Book review

Title: Information Hunters: When Librarians, Soldiers, and Spies banded together in World War II Europe

Author: Kathy Peiss
Publisher: Oxford University Press, 2020

Review by Bob Lane

This book tells a story that has not been told before. It tells the story of the many people who saved the documents, books and pictures produced by the Nazis in WWII. As the author tells us in the Prologue “This book grew our of a chance discovery of an online memorial to an uncle I never knew. Reuben Peiss had been a librarian at Harvard when World War II began … and he was recruited into the Office of Strategic Services, the nation’s first intelligence agency.” This reviewer came across the book while doing research on an old professor of mine, Douwe Stuurman. Stuurman is one of the soldiers who contributed to the finding and saving of truckloads of books, documents, pictures, and writings of the time.

Peiss writes: “Stuurman prepared four freight cars of materials for shipment in February 1946, paying out of pocket for labor and hiring a German moving agency, both against regulations. He marveled at their finds – political pamphlets, Jewish literature, Nazi periodicals, newspapers “of all political colorings, illegal and ‘auslandsdeutsche’ newspapers too” recordings of Nazi speeches, millions of newspaper clippings “reflecting the Nazis in the world press” and 50,000 posters,

“This was an unparalleled relationship between the government, military, and American libraires, one that libraries embraced not only out of patriotic duty but as an opportunity.” As the story unfolds, we learn of the many people (Archibald MacLeish, William Donovan, Herbert Hoover, General Lucius Clay, Hannah Arendt, Lucy Dawidowitz and a number of obscure individuals) who participated in the massive tasks to discover and save the publications that as the war progressed the Nazis were so anxious to destroy or hide. The book is carefully documented and consists of:

            Acknowledgements

            Prologued

            Introduction

  1. The Country of the Mind Must also Attack
  2. Librarians and Collectors Go to War
  3. The Wild Scramble for Documents
  4. Acquisitions on a Grand Scale
  5. Fugitive Records of War
  6. Book Burning – American Style
  7. Not a Library, but a Large Depot of Loot

Conclusion

Epilogue

Notes (lots and lots of notes)

Index (a very useful and complete index)

Each chapter advances the fascinating story of the massive attempt to discover and save the many documents and books – to determine which were of value (initially to the winning of the war) and then which would be useful in trying the Nazi leaders at the war crimes trials. One of the fascinations of the book is the many old pictures which accompany the story and help to give it a feel of authenticity.

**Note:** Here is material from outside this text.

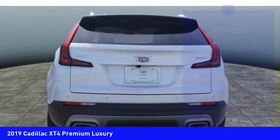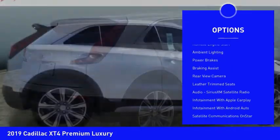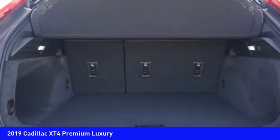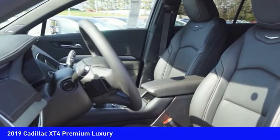Here are some of this vehicle's great options: power windows with safety reverse, roof rails, traction control, stability control, remote engine start, ambient lighting, power brakes, braking assist, rear view camera, and leather trim seats. Come take a test drive today.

As you can imagine the story includes the many questions that such a project would raise: What about copyright? Who owns these documents and books? How to insure that materials taken from private libraries are accounted for and possibly returned? What to do to be sure that the war time documents get to the right people? The sheer size of the operation is amazing. Stuurman was responsible for finding and securing boxcar loads of Nazi material in the final years of the war and into the occupation. The problems were exacerbated by the post war division of Berlin and by the ongoing disagreements among wartime “partners” as the cold war progressed.

The book is carefully researched, written with care and skill, and provides an additional warning about the horrors of wartime.

Bob Lane is Professor Emeritus Philosophy at Vancouver Island University and the author of Reading the Bible: Intention, Text, Interpretation.